* TASK OBJECTIVE *
Down to the last line, reproduce the data below exactly.
Top of SOURCE DATA
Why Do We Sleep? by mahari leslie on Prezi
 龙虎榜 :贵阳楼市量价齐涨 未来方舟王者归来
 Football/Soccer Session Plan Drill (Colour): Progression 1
Bottom of SOURCE DATA
* WRITTEN ANSWER *
Why Do We Sleep? by mahari leslie on Prezi
 龙虎榜 :贵阳楼市量价齐涨 未来方舟王者归来
 Football/Soccer Session Plan Drill (Colour): Progression 1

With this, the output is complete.